More recently, MedAire made a second major expansion move with the announcement that it was entering the security arena with Security Solutions, a suite of services designed to “help flight crews prepare for and resolve potential security risks.” Those services include security-oriented consultation and assistance, crisis management and incident response plans, on-site security audits, client-specific risk assessments and online travel and security alerts.
The company has added a staff of security experts to its Global Response Center. The security experts, like the medical experts, are available around the clock.
Flight crews can also check MedAire’s Web-based information service for security alerts on worldwide destinations. Updated daily, the alerts contain risk assessments/reports and travel tips.
“We didn’t think safety and security were mutually exclusive,” said Garrett, explaining the decision. “We had a very well attended seminar at the NBAA Convention in October and we’re already doing some executive protection work outside the U.S.”
In an early November interview, Garrett suggested to AIN that the time was coming when an executive reorganization would be a necessity. “I’m going to need some help, and I’m more than willing to share the responsibility with the next generation.”
Just three weeks later, MedAire announced the appointment of James Lara, 57, as the company’s new president and COO. The shift of the position of president and COO was designed to allow Garrett, as chairman and CEO, to focus more closely on long-range strategy and the company’s vision for the future and spend more time with our customers.”

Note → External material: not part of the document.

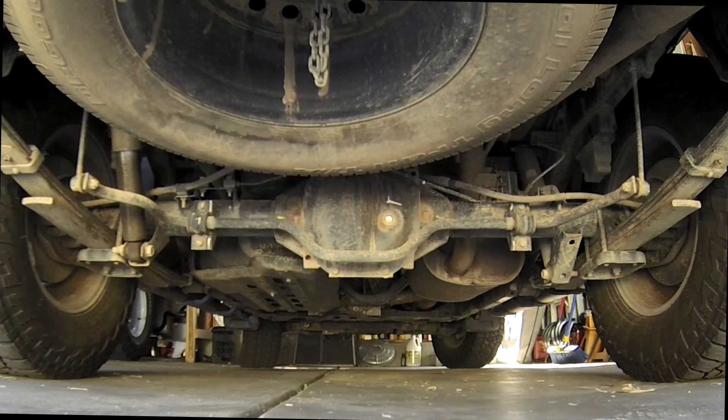Today I'm going to replace the rear sway bar bushings in our Xterra. We're getting a little squeaking out of the back end and it's the easiest place to start.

Garrett studied ancient history and pre-law at Golden Gate University in San Francisco and graduated from Mesa Community College School of Nursing in Mesa, Ariz. She chuckles when asked how her education prepared her for a role in business on a global scale. “It wasn’t something they covered in nursing school,” she said.
Her management style is decidedly hands-on. “I’m very much in touch with the business and I do a lot of management on my feet, walking around. I want to know my clients’ names, and I want to know the names of all the people who work here.”
As the founder, CEO and chairman of the board, Garrett’s management philosophy has much in common with the sign on President Harry Truman’s desk that read simply, “The buck stops here.”
While the company has grown steadily, even rapidly, in recent years, Garrett subscribes to the idea of client-driven growth. “You don’t change for the sake of change,” she said. “You change because the market changes.”